I would like to share some excellent news with you: My mother has been declared 100% cancer-free. The doctor told her yesterday (she is still in hospital) that her chances of ever having cancer again are the same as with any other person who has never had cancer. She is entirely cured, and it's a miracle that the doctors can't explain. The closest explanation given was that the chemo therapy worked perfectly, but that the main reason was her enormous positive thinking and energy.

From my talks with many people I know that there is a cancer case in every family. It is a terrible disease, and on the increase. But perhaps the story of my mother can give some hope and inspiration. She was diagnosed with ovarian cancer "in its final stage" ("im Endstadium" in German) on 1 March. According to the statistics, she would not have had another year to live. A tumor, as big as a hand, had been found in her womb, and could not be taken out as it was covering many crucial organs that could not be removed. The doctor who operated her the first time did not have much hope, and did not give her much hope either. I accompanied my parents to the first appointment with him after the operation. He told us that the chemo therapy could, in the best case, reduce the cancer, and then another operation would be necessary where hopefully a big part of the tumor could be taken out, though not entirely. He said that the chemo therapy could only prolong life, but not cure. When my father asked him whether he would be able to grow old with my mother, the doctor remained silent. My parents were devastated.

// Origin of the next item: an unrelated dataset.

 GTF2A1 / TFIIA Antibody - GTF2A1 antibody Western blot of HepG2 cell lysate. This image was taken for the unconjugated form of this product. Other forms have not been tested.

An aunt recommended a famous cancer rehabilitation clinic for the time after the chemo therapy. My father sent my mother's medical file. The head of the clinic called my father and told him: "I want to be frank with you. Your wife has minimal survival chances. The places in this clinic are in very high demand, and I cannot reserve a place for her now, as I don't know whether she will still be alive in 6 months time". The situation was this bad in March. But my mother is very brave. After the first initial shock, she decided that she would not let the cancer ruin her life. Her mood changed, and she became very positive and calm. She told me that if she could not have "quantity of life", she wanted "quality of life". My parents took up their hobbies again, adn my father took off 6 months from work to spend all his time with her.

The second thing that made the difference was that she heard things that gave her hope. I used to think that one needed to be realistic and face the hard facts. But this is only part of it. You also need to have hope, and believe in a happy ending, no matter how unlikely. I told my parents the story of my friend Olaf's mother. Olaf's mother was diagnosed with ovarian cancer in her late 30s. This was 25 years ago when the medical field was not yet as advanced as it is now. The doctors gave her less than a year. But she had two small children to look after. And she lived for another 18 years. (Olaf, who today is a doctor, told me that he reread the medical file of his mother as a doctor, years after her death, and would not given her more than a year either, even today.) When my parents heard this story, it gave them hope. Whenever one of my parents felt depressed, the other one repeated this story and the figure of 18 years.

The other crucial thing was that my mother changed doctors. My sister and I made enquiries and found her a well-known cancer specialist, the head of a nearby university hospital. This doctor was also human. He saw the despair in my parents' eyes and told them that he had cured many supposedly hopeless cases. My parents were thrilled after they had talked to him. It made such a huge difference. My mother started the chemo therapy, with the highest dosis that there is, and she only had minimal side effects. This in itself was already a miracle. OK, she lost her hair, but she felt fine and was cheerful. Those of you that were there saw my parents dancing like crazy at our wedding. One would never have thought that she was very ill. And she was like that all the time. Very calm and cheerful, and positive. Half way through the chemo therapy the doctor checked whether the cancer had been reduced. It had indeed been reduced slightly, which was great, but the tumor in the shape of an apple was still there.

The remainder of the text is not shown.